Da brüllt ein Mann wutschäumend durch den Laden, dass die Pommes nicht am angestammten Platz in der Tiefkühltruhe liegen. Der Kassierer weist freundlich darauf hin, dass man einen Teil der großen Stromverbraucher abgeschaltet hat, da nicht immer genug Ware da ist, und ergänzt freundlich: "Pommes sind an einer anderen Stelle - etwa einen halben Meter entfernt". Der Mann ist immer noch grantig und verlässt schimpfend das Geschäft. Den halben Meter hat er wohl nicht geschafft.
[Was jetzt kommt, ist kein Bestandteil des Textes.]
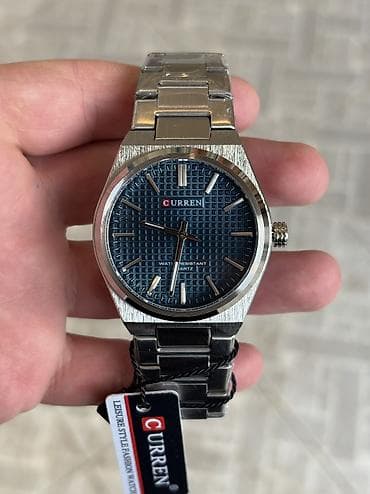 kişi geyim: Yeni, Qol saatı, Curren, rəng - Mavi — 1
Auch solche Leute werde ich nicht mehr verstehen lernen. Schließlich bin ich froh, dass die Verkäufer allesamt noch da sind, die mir vom Sehen bekannt sind. Auch der immer freundliche Ford-Händler aus dem Dorf ist gerade einkaufen. Wenn ich solchen Menschen "bleib gesund!" wünsche, wenn ich den Laden verlasse, meine ich das ernst. Meinetwegen kann der Shutdown noch andauern - vielleicht sogar mit dem Schließen der Börsen verschärft werden - wenn es dem Klima der Welt und unserer Gesellschaft nachhaltig helfen würde, wäre das in meinem Sinne. Draußen auf dem Weg zum Auto, sehe ich dann überall Menschen, mit Masken und Handschuhen, sehen sie aus, wie bei Michael Jackson. Nur niemand singt, "wanna be starting something..."
In diesem Sinne wünsche ich dennoch allen Leserinnen und Lesern, die mit meinem Kommentar so weit gekommen sind, ein schönes Osterwochenende. Bleibt gesund!